In Power Ball: Anatomy of a Modern Baseball Game,baseball journalist-analyst Rob Neyer acknowledges the pervading influence of Statcast. 'Using both cameras and a sort of radar, if it’s on the field and it moves, Statcast is watching. And recording. Yes, the baseball wherever it goes, but also every player and the hitter’s bat.' ... The scope of this book ranges and rambles engagingly, from the potential impact of climate change on the game and the influence of social media on players, to the evolving fashions of player uniforms and hair styles ... Mr. Neyer ends his book by lamenting that, if left to the owners and the players union, very little improvement can be expected. In the past 20 years, for instance, 'the only significant changes to the playing rules...have been made to lower injury risks, and not to make the game itself more entertaining.' What’s needed, then, to help usher baseball into its next era, is a voice—'the writers and the TV presenters and the radio people'—to call for 'a better, smarter, more exciting version of Baseball,' to speak up on behalf of the fans who, if attendance numbers are any judge, are already starting to lose interest.
Power Ball is presented in the same vein as Arnold Hano’s A Day in the Bleachers or Dan Okrent’s Nine Innings. The idea is simple: take a random, seemingly meaningless regular season game and use it as the scaffolding to tell a grander story about baseball as a whole. It’s a brilliant idea for a set up, and it works exceptionally well as a storytelling device ... The book flies by, with each half inning (or chapter) making its own distinct impression on the broader text. The book often reads like one of the endlessly satisfying baseball conversations you stumble into at a bar or riding on public transit. What begins with a light-hearted comment on a shared Evan Longoria shirtsey spirals into a good-natured debate over whether or not the ball was juiced, and if baseball history is truly cyclical or not. Power Ball works as a Greatest Hits compilation album of the past 10 years of baseball analytics, but also works as a thoroughly engaging Baseball Story from one of the most informed and professorial baseball minds we have around today.

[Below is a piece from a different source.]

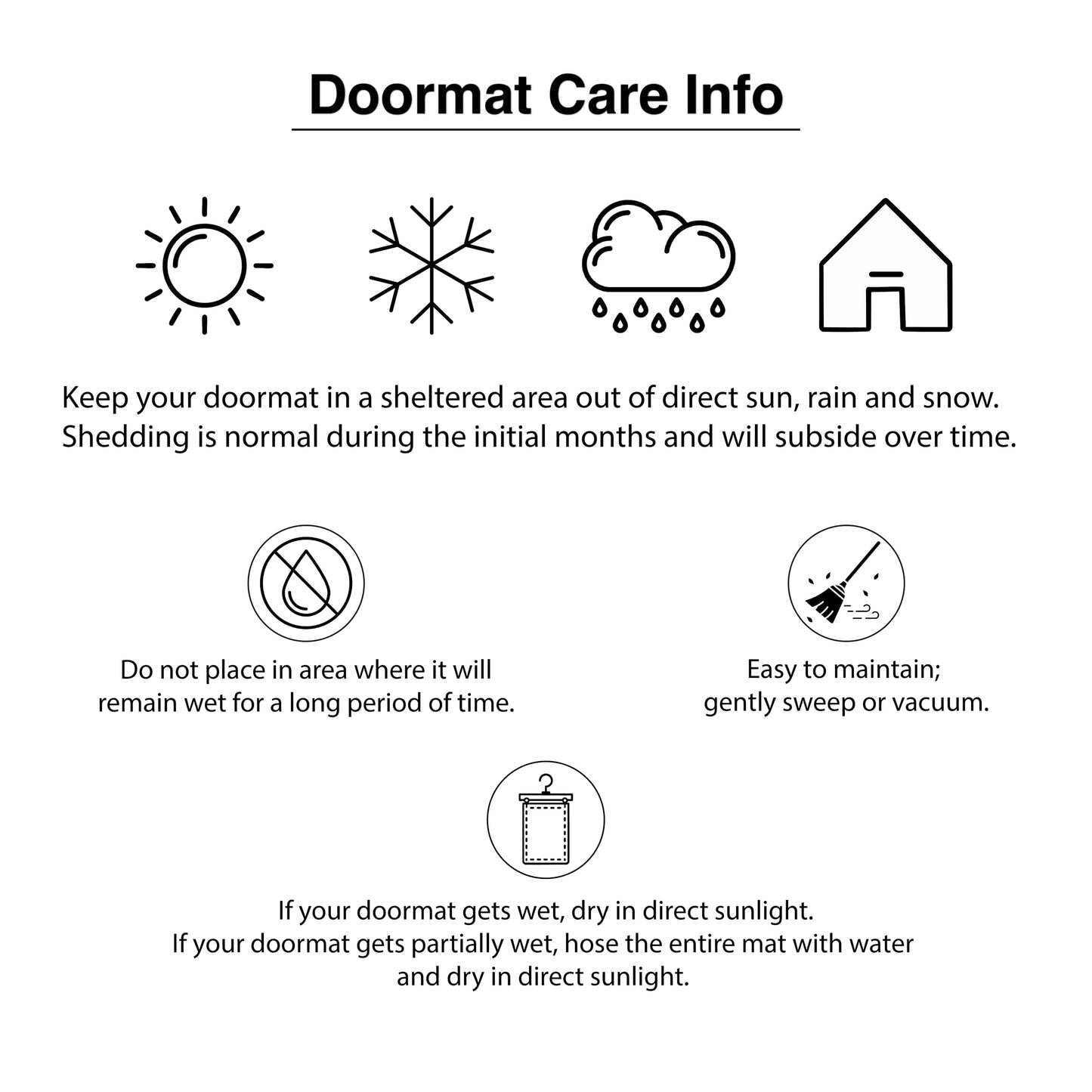 Calloway Mills 153601729 White Skull Doormat, 17" x 29", Black/White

...Neyer’s sharp play-by-play is a hook for extensive color commentary on changes in the sport, including the increases in home runs and strikeouts; the rise of infield shifts against pull hitters; the proliferation of specialist relief pitchers; uniform and hair-styling fashions; and the tsunami of stats, right down to the velocity and launch angle of every batted ball, that now dictates baseball management ... It’s a ramble, but Neyer’s deep knowledge and punchy prose—'The guy on the mound might be throwing aspirin pills, almost too fast to see'—make the book a treat for dedicated fans.